I could go on and on: Tremors, Reservoir Dogs, Runaway Train, Jaws, 2001 A Space Odyssey, Seven, etc., but I already feel like I've rambled enough. Plus, revising this entry endlessly hasn't really helped it flow any better. I seem to lack Eegahinc's gift of segue.
Friday, May 11, 2007
I Confess
It's time you all knew something about me...I like the Pussycat Dolls' song Buttons.
No, it's not that the video is like a Victoria Secret runway special on viagra. No, it's not Snoop Dog's rap. As a matter of fact I would like you to pretend it's not there. No, it's not the digital chairs. I could have done without those.
Maybe it's the Middle Eastern riff.
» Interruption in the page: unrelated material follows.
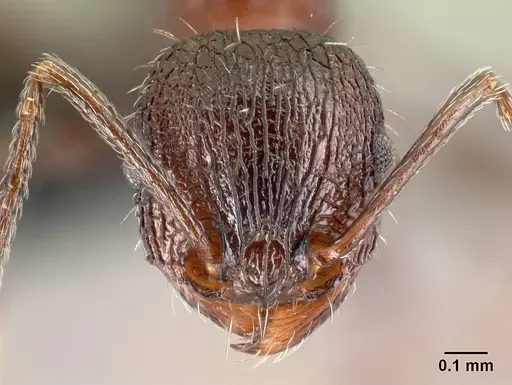 Tetramorium mahafaly specimen CASENT0449159 image casent0449159_2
Maybe it's the irresistable melody. Maybe it's her sixties girl group growl of a voice. Maybe it's the breathy vocal accents. Maybe it's that the tempo is just right for a woman to do that walk. Or maybe it's just that the video steals from one of my favorite musical movies.
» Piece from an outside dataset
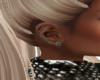 Black Diamond Ears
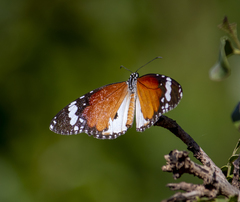 Danaus chrysippus alcippus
That's right, we've seen parts of this video before in the movie Sweet Charity directed by Bob Fosse. That movie is best viewed in parts. Three numbers to be exact, the best being Big Spender. The Pussycat Dolls have stolen the handrail and some of their poses in this music video straight from this scene. In Sweet Charity it's a group of dancehall girls (read "prostitutes") beckoning business from the lone patron of the dancehall and singing about "having fun" while appearing to be having absolutely none themselves. Here, it's the Pussycat Dolls; a group of very attractive women fabricated into a "musical group" that's selling music as sex. Admittedly, they have come pretty close here.
The Pussycats also steal the writhing bodies moving as one from Big Spender. It comes as the Dolls enter a large tube at the beginning of the first verse. You might think you've seen that move before, but remember, Fosse came up with that in the sixties. Every other time you've seen it sense then is some form of flattery, I suppose.
I don't know if it's borrowed or not, but the beaded curtains are great. Maybe it's the lighting. Anyway, check out the Pussycat Dolls at the link above.
And also check out Sweet Charity. Don't bother renting it; it's not a good movie. Instead, check out the good parts on YouTube at the following links:
The first is the aforementioned Big Spender.
The second is a number with Sammy Davis Jr. as the leader of an underground hippie religion Rhythm Of Life.
And the third, Rich Man's Frug, is an exercise in melding boxing and dancing. Not sure this one works so much as it captivates you with its weirdness. And yeah, for a while years ago I wanted to marry a tall, leggy, brunette dancer with a long ponytail. Jeeeeesh!